(Short descriptive text snippets)

★ ★ ★

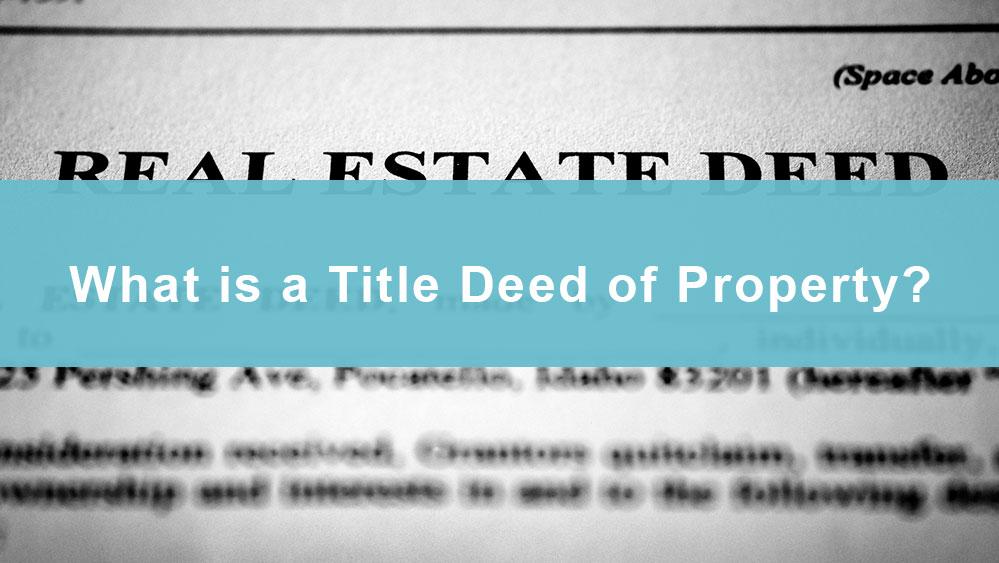 Law Office of Theresa Nguyen, PLLC - Real Estate Attorney for Title Deed of Property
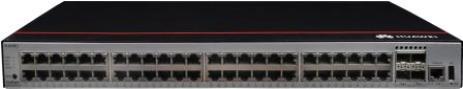 Produktbild Huawei S5735-L48T4X-A1 /100/1000BASE-T ports 0GE SFP+ ports AC power (1000 Ports)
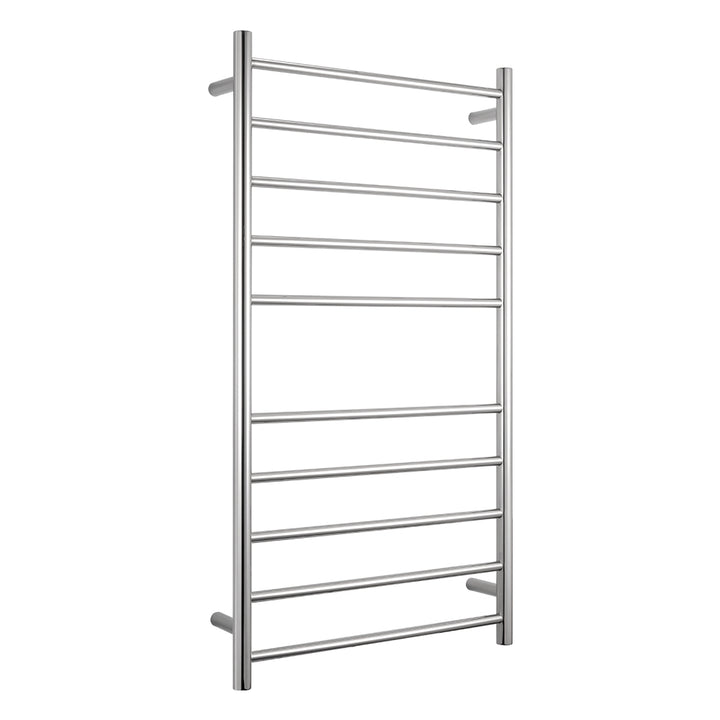 Radiant Heated Round Ladder Towel Rail 600 x 1100mm - rtr02_2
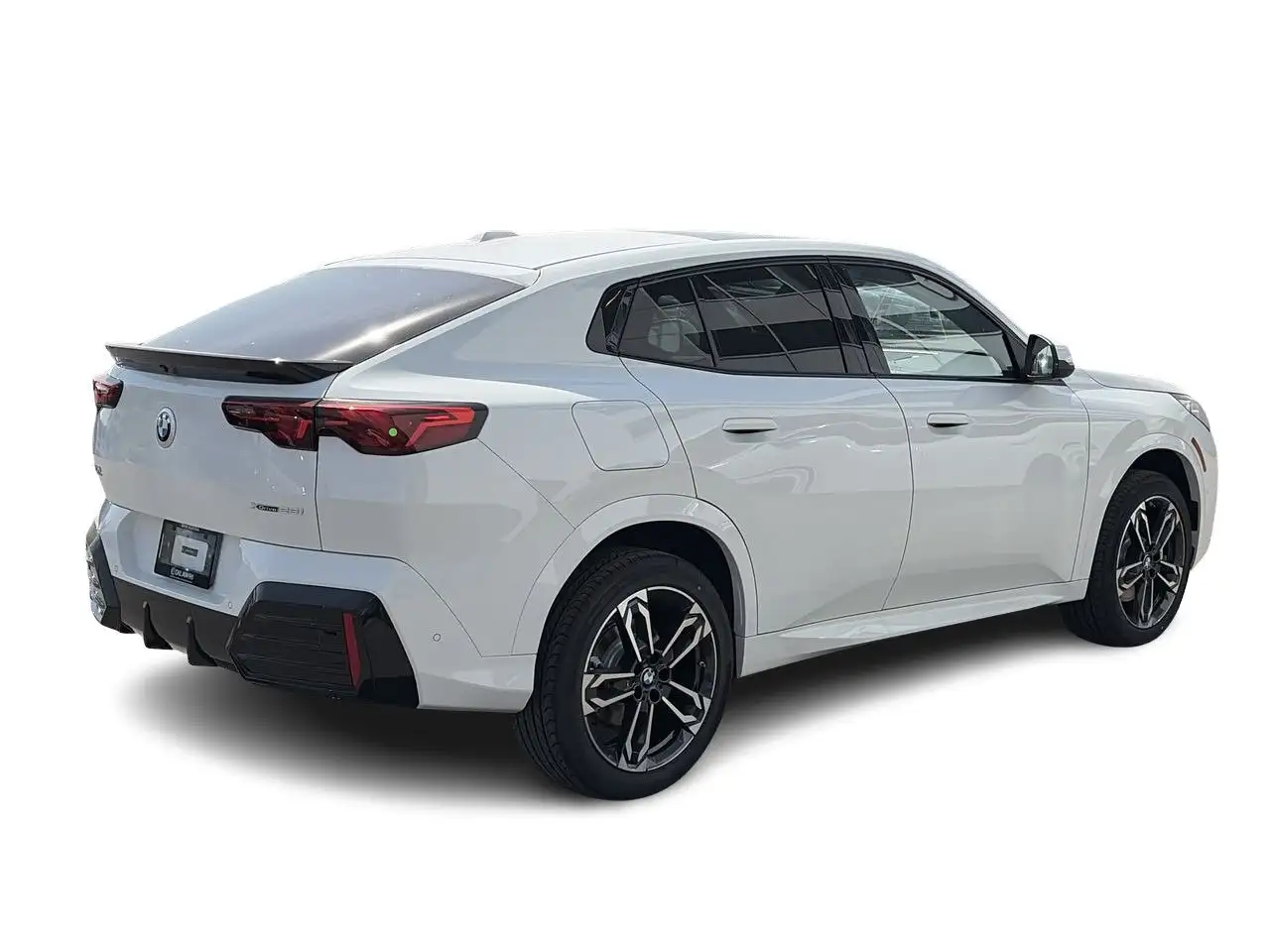 BMW X2 снимка BMW X2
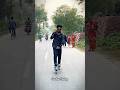 Fully masti with skating 🛼😆  #brotherskating #skating #india #skatingmasti #publicreaction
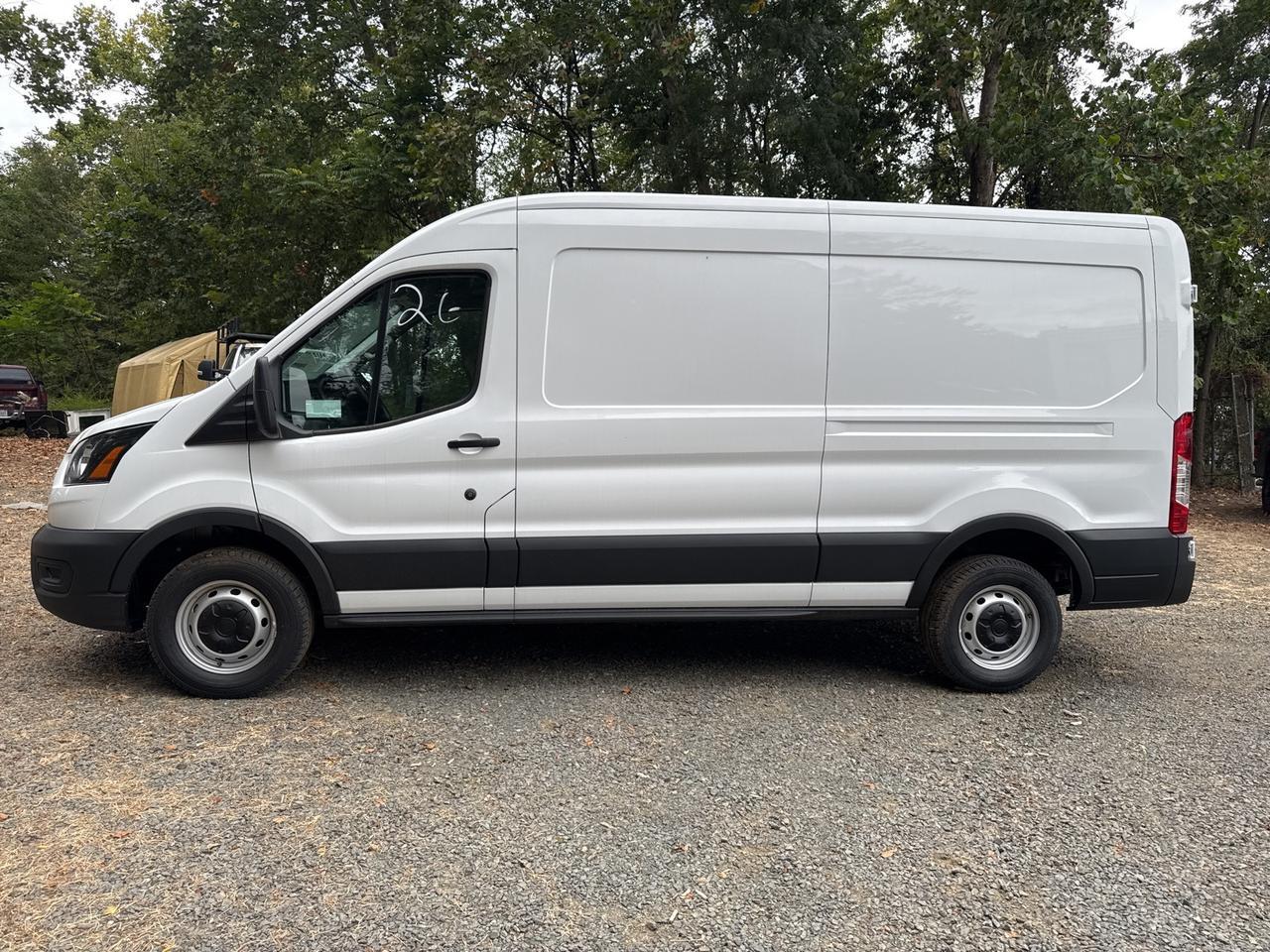 2025 Ford Transit-250 Base Warrenton VA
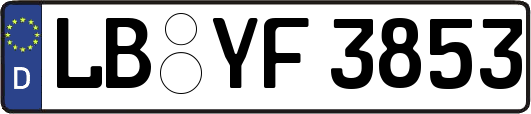 LB-YF3853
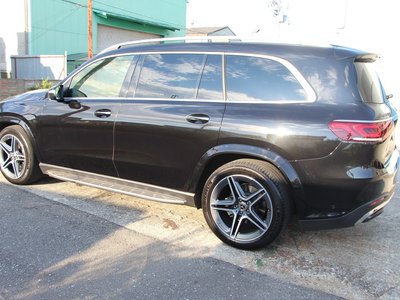 2021 Mercedes-BENZ GLS photo 5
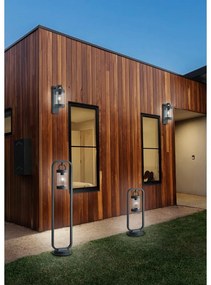 Kültéri lámpa (magasság 33 cm) Sambesi – Trio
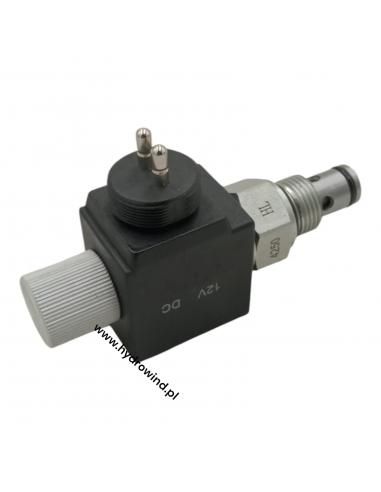 Zawór elektromagnetyczny...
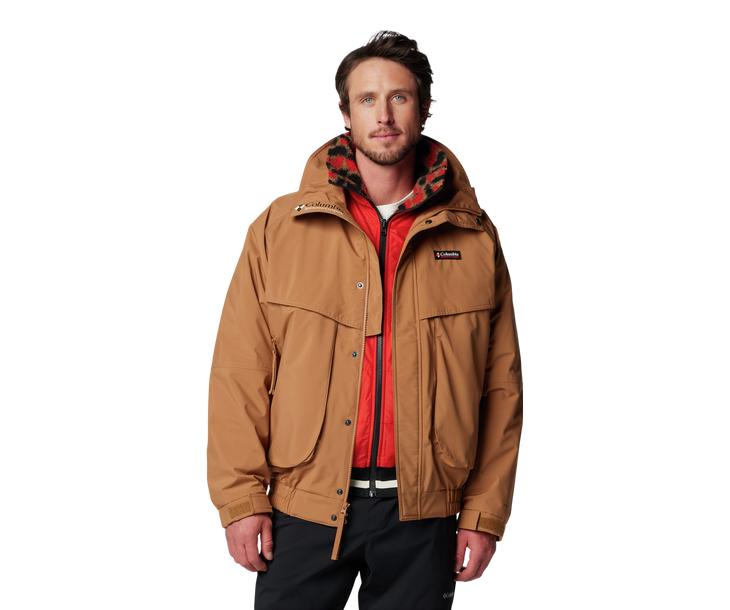COLUMBIA SPORTSWEAR Powderkeg Ii Remastered Interchange Outerwear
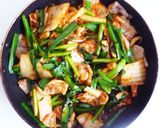 豚キムチ作り方6写真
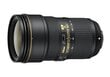 Nikon AF-S 24-70mm f/2.8E ED VR kaina ir informacija | Objektyvai | pigu.lt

★ ★ ★

* DESCRIPTION OF THE TASK
The lines to return run from the line containing "Produktbild Huawei S5735-L48T4X-A1" through the last line of the records. Give them exactly, omitting pictures.

* YOUR RESPONSE
 Produktbild Huawei S5735-L48T4X-A1 /100/1000BASE-T ports 0GE SFP+ ports AC power (1000 Ports)
 Radiant Heated Round Ladder Towel Rail 600 x 1100mm - rtr02_2
 BMW X2 снимка BMW X2
 Fully masti with skating 🛼😆  #brotherskating #skating #india #skatingmasti #publicreaction
 2025 Ford Transit-250 Base Warrenton VA
 LB-YF3853
 2021 Mercedes-BENZ GLS photo 5
 Kültéri lámpa (magasság 33 cm) Sambesi – Trio
 Zawór elektromagnetyczny...
COLUMBIA SPORTSWEAR Powderkeg Ii Remastered Interchange Outerwear
 豚キムチ作り方6写真
 Nikon AF-S 24-70mm f/2.8E ED VR kaina ir informacija | Objektyvai | pigu.lt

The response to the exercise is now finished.